Apart from the pictures, reproduce the data below exactly as it stands.

> _Captioned web image data_
--- START ---

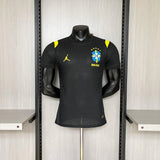 Brasil Treino Black 26/27 Player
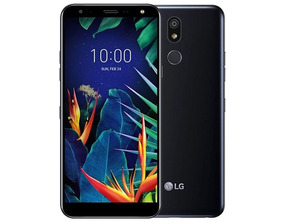 Ajouter au panier Smartphone LG K40 2GB/32GB/5.7'' Smartphone LG K40 2GB/32GB/5.7''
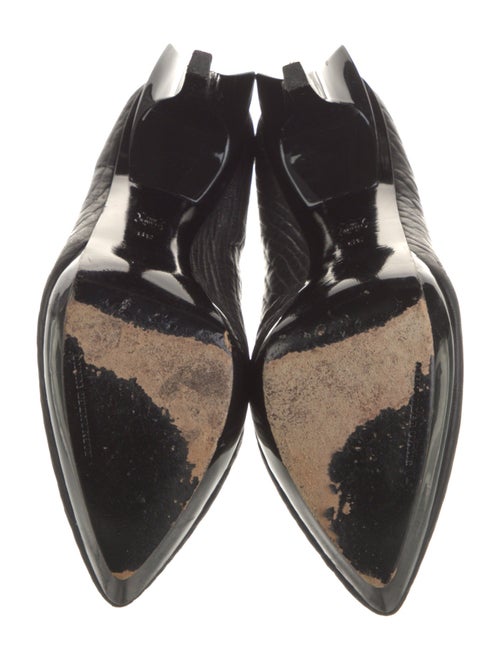 Alexander Wang Leather Pumps
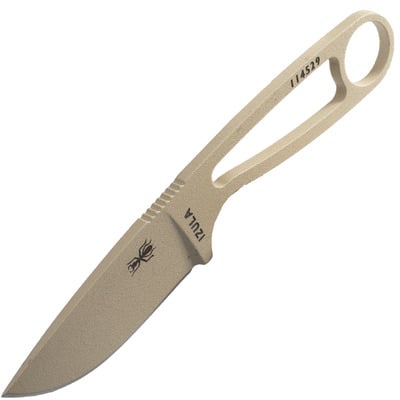 ESEE Knives Izula Kit desert tan, IZULA-DT-KIT - KNIFESTOCK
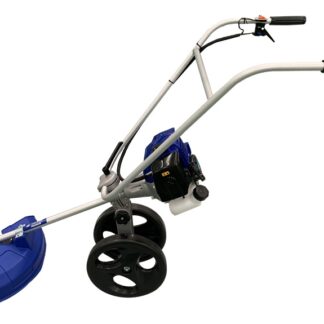 Desmalezadora de Empuje Fiasa® Premium 2T 43 CC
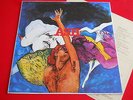 LP ITALIAN PROG ASH - ASH - ORIGINALE LASAPA - INNER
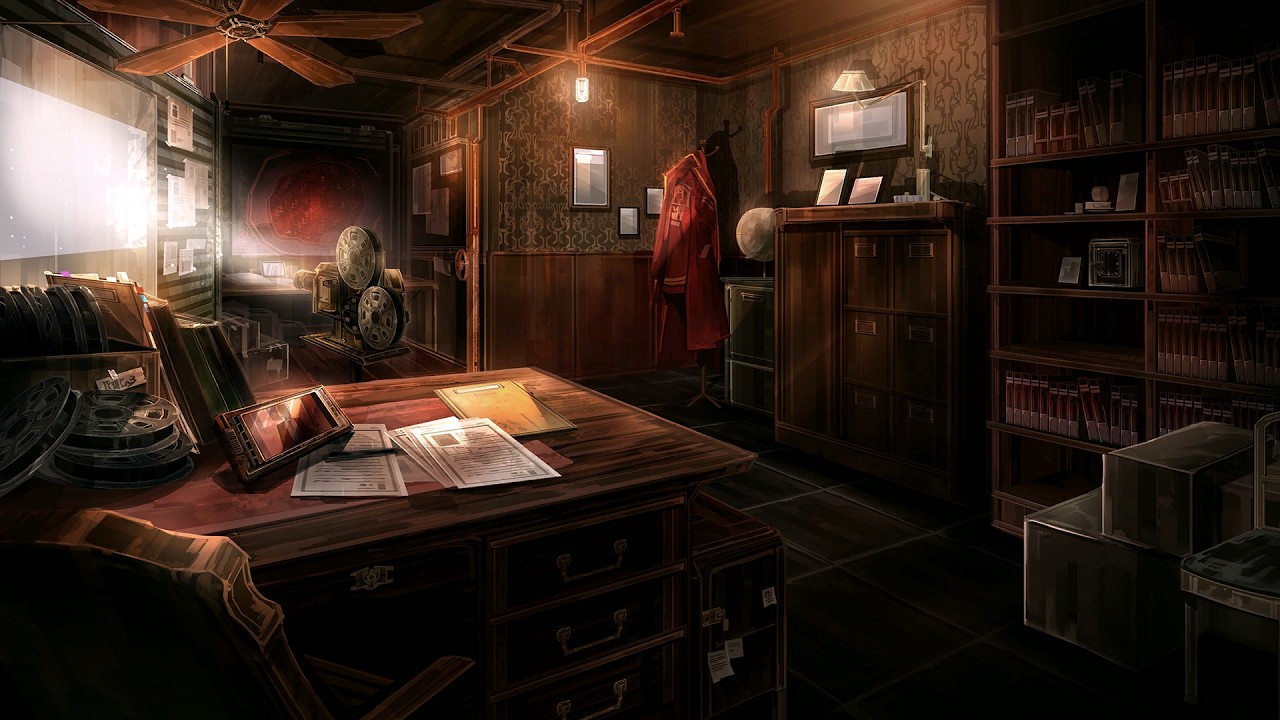 Santa isn't looking too good... | Limbus Company | Mini-1/Intervallo III | 03-02-26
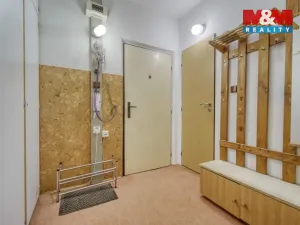 Prodej bytu 2+1, Klatovy - Klatovy III, Plzeňská, 65 m2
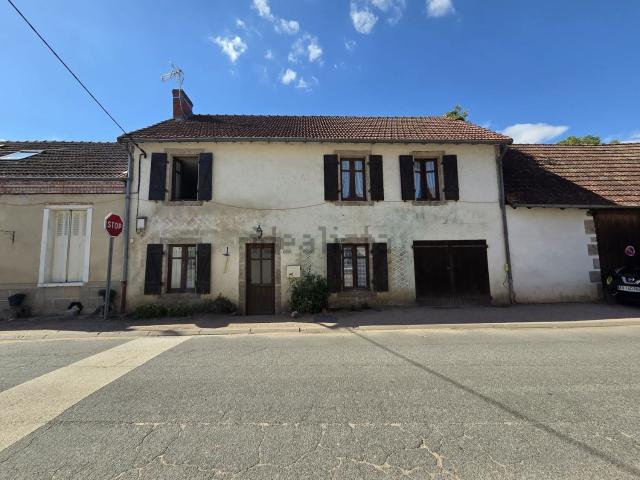 Maison, Servilly
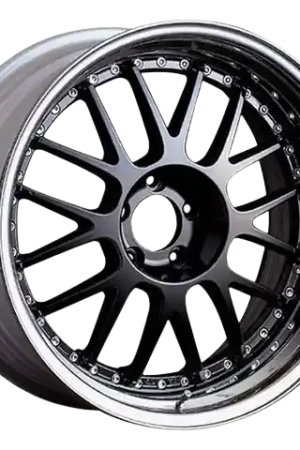 Big Sale SSR Professor MS1 5x114.3 19X9+62 NR Disk Black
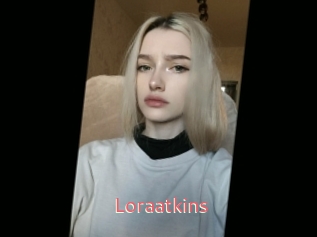 Loraatkins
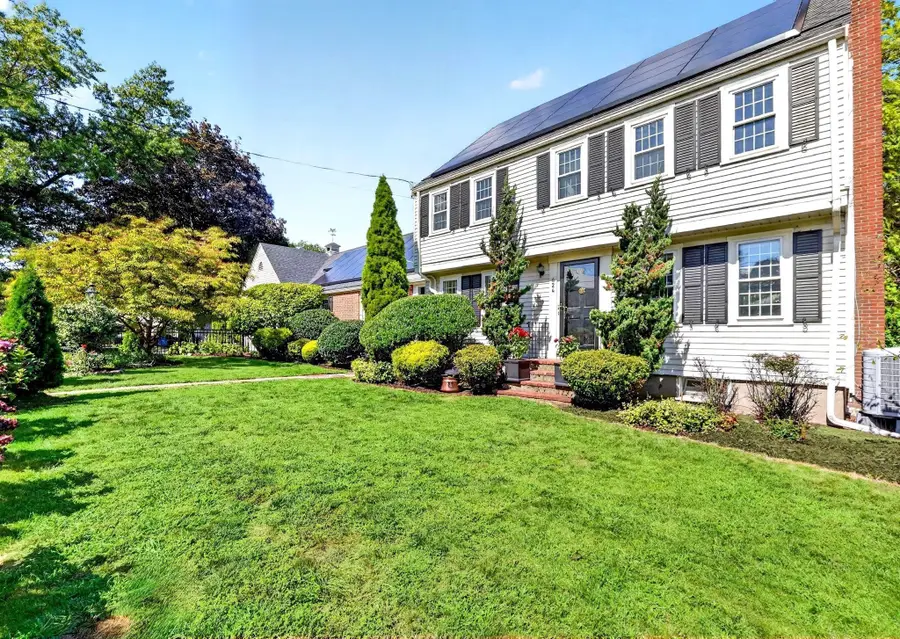 424 Upham Street, Melrose, MA 02176 - #2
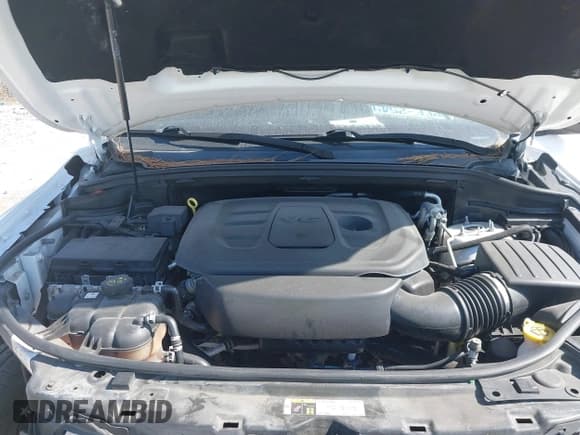 ✅ 2019 Dodge Durango GT Plus • VIN: 1C4RDHDG0KC721745 • Лот: 38793813. Опубликован ранее на IAAI с пробегом 96 534 миль. Бесплатный доступ к архиву аукционных продаж из США и подробный отчёт об истории автомобиля на DreamBid. Изображение 10.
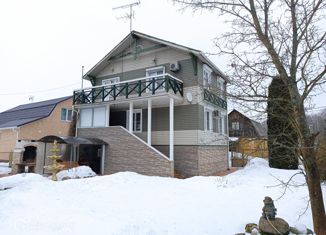 Продаю дом, 138 м2, СНТ Сельский Строитель-Юсупово, СНТ Сельский Строитель-Юсупово, 46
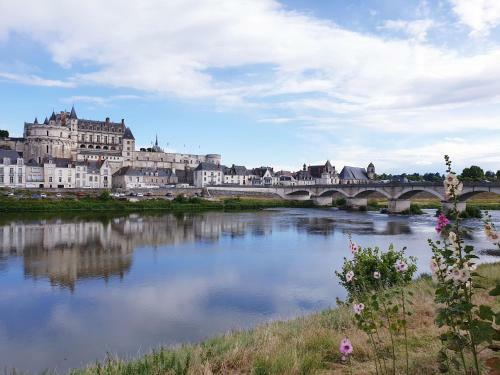 Apartamento La Roche Des Gourmets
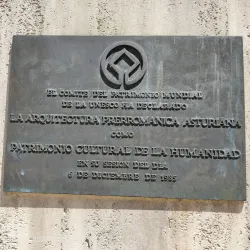 La Foncalada - Oviedo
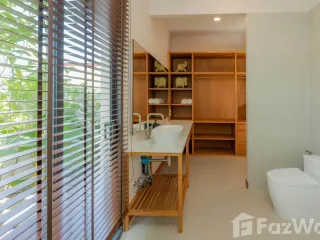 Villa en alquiler de 6 habitaciones en Thalang, Phuket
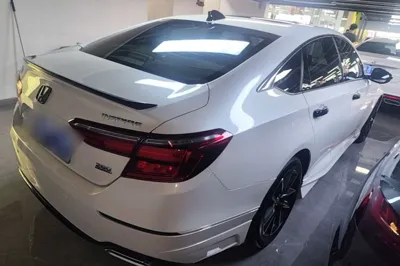 Honda Inspire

--- END ---

> _Your response_
 Brasil Treino Black 26/27 Player
 Ajouter au panier Smartphone LG K40 2GB/32GB/5.7'' Smartphone LG K40 2GB/32GB/5.7''
 Alexander Wang Leather Pumps
 ESEE Knives Izula Kit desert tan, IZULA-DT-KIT - KNIFESTOCK
 Desmalezadora de Empuje Fiasa® Premium 2T 43 CC
 LP ITALIAN PROG ASH - ASH - ORIGINALE LASAPA - INNER
 Santa isn't looking too good... | Limbus Company | Mini-1/Intervallo III | 03-02-26
 Prodej bytu 2+1, Klatovy - Klatovy III, Plzeňská, 65 m2
 Maison, Servilly
 Big Sale SSR Professor MS1 5x114.3 19X9+62 NR Disk Black
 Loraatkins
 424 Upham Street, Melrose, MA 02176 - #2
 ✅ 2019 Dodge Durango GT Plus • VIN: 1C4RDHDG0KC721745 • Лот: 38793813. Опубликован ранее на IAAI с пробегом 96 534 миль. Бесплатный доступ к архиву аукционных продаж из США и подробный отчёт об истории автомобиля на DreamBid. Изображение 10.
 Продаю дом, 138 м2, СНТ Сельский Строитель-Юсупово, СНТ Сельский Строитель-Юсупово, 46
 Apartamento La Roche Des Gourmets
 La Foncalada - Oviedo
 Villa en alquiler de 6 habitaciones en Thalang, Phuket
 Honda Inspire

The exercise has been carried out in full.